No longer talking about it's a three month project cycle or even a two week iteration, now a two week sprint. Can we do better than that? I know that that's not possible today when you throw in tools like data ops Live and coalesce.
I know seen some great demonstrations from Dougie on how fast he can make changes to things in the data pipelines just using coalesce because it's so much of, it's automated it's a couple of changes. Push button and regenerate the code, and you're off to the races.
So data products, another hot industry buzzword that's really kind of taken on a life of its own, started off kind of the idea of data products, and data products kind of been there for a while. But then when Zhamak Degani wrote her papers in 2019 about data mesh, it kind of raised it up a level, but now it's kind of taken on a life of its own. It's not just a data mesh concept. Everybody's starting to talk about things like building data products. So what's your guys take on that as a concept? And do you think it's an important approach that people should be adopting in our data landscapes today?
[00:16:25] Speaker C: Yeah, I mean, I can answer that. So it's true that the concept has been there, but I think the awareness in consciously building something of high quality has kind of taken importance now. And because we have dealt with data quality issues in the past, lack of documentation, whatever that is, you know, when we say data as a product, then we automatically assume certain standards that comes with the product. When you go to a store, you buy a product, you expect a manual with it. You don't expect somebody coming to your home to teach how to use the product, and you expect it to work just based on what is set in the manual.
The same kind of principles apply here.
A data product could be anything. It could be one table. I could just publish a table that is consumed by somebody, or it could be one API or a set of APIs. It could be anything. As long as I'm producing something of high quality that is going to be consumed by someone else in a self service manner. And, you know, something that is very highly reliable, documented in, you know, properly managed, you know, that is a data product.

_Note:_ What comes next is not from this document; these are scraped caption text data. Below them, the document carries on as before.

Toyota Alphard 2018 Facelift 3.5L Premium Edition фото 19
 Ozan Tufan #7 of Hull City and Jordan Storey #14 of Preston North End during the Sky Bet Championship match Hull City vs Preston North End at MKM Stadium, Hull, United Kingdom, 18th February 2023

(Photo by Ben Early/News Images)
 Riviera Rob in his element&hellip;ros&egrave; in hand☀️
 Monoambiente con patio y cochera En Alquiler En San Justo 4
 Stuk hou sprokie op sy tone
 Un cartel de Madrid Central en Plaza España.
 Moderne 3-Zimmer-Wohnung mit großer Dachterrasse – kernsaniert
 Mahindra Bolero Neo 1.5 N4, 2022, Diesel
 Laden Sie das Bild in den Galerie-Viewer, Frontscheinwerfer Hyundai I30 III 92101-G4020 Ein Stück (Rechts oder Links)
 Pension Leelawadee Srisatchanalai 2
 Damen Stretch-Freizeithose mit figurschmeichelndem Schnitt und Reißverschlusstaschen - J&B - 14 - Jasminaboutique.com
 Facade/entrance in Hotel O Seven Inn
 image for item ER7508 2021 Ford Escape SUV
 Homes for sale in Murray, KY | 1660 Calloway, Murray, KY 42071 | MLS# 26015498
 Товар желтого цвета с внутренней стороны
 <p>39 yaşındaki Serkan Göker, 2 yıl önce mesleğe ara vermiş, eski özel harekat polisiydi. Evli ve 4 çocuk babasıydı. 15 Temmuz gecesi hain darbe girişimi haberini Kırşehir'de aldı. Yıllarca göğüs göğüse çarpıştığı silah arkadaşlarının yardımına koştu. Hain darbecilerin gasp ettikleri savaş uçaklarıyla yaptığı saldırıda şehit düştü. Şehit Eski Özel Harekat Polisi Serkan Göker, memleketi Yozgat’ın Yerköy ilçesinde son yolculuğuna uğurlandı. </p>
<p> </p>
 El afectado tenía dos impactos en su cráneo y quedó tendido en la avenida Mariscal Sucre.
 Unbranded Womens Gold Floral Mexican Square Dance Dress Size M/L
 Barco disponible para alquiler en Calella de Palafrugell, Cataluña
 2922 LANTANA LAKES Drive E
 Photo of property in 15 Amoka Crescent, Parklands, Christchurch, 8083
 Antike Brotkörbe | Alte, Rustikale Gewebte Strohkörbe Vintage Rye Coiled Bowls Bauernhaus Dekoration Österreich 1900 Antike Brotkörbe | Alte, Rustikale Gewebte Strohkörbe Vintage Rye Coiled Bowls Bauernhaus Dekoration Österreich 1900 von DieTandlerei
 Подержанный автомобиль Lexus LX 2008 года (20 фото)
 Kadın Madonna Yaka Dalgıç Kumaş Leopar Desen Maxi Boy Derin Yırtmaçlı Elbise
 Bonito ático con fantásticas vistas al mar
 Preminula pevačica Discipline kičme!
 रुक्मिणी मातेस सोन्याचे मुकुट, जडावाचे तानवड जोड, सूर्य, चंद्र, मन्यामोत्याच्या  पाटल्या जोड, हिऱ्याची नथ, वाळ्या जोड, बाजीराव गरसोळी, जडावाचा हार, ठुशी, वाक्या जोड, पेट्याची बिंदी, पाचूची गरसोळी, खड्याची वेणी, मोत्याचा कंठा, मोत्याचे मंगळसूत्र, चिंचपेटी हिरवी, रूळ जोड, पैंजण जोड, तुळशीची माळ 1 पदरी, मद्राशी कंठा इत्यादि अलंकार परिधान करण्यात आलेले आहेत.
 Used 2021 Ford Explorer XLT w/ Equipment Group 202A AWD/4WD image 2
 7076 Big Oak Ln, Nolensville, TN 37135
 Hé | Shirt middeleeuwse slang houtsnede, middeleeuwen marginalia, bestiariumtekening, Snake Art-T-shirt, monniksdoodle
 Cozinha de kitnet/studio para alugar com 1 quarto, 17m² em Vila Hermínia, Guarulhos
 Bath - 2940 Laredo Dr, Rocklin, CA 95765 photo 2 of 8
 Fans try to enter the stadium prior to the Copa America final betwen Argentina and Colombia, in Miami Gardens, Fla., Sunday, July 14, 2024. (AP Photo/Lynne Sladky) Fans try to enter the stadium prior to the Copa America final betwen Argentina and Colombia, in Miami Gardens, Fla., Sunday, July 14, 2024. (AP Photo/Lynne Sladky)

Now, how you get there is not as easy, you know, as it sounds, because, you know, we'll come back to all these other things that we have to do, right. In order to produce something of that high quality.
Yeah. So our take on that, again, Armand and I talk about this a lot of times about data mesh and all these great paradigms that are very, very important.
It takes a lot of work, and we at coalesce, we like to think we play a big role in that.
[00:18:31] Speaker A: Yeah. So I was going to ask you guys, how do you see coalesce fitting into the development and delivery of, of data products?
[00:18:38] Speaker B: Yeah, so, I mean, first off, I would say both Satish and I talk a lot about data mesh as a concept, as a paradigm, and very encouraging organizations to implement them. I think historically, it's been something that's plagued enterprises, that by not taking a data mesh approach, because you basically are building silos, there's siloed efforts between each department, whether that's core it teams versus the finance team, the marketing team, any other departmental citizen, data engineer that's trying to do a last mile effort. And so when we view how we approached supporting that methodology, there needed to be a balance between giving the most sophisticated technical users all the extensibility that they could possibly want when interacting with Snowflake, but doing so in a way that allowed them to be exponentially more productive, yet at the same time, making the product easy enough to use at coalesce and the platform easy enough to use, that your less technical resource within a department can also be just as productive as one of those highly sophisticated, principled data engineers or data architects and everybody in between those varying skill sets. And so, as the organization goes about building data products, being able to have metadata that bridges the gap between the projects across the organization, from central it to finance marketing, whatever other component of the business is building out their own data products for whoever the consumers are, is really the grand vision here. And so I think the biggest item holding organizations back from being able to be successful with data mesh or building out data products has largely been around how time consuming and difficult and risky getting data to the point that it's consumable for insights with lineage, with proper documentation has been. And that really is the crux of the issue. That's the foundational problem. That's, that's held people back from being able to be successful with a data mesh approach and being successful at building data products at scale, efficiently.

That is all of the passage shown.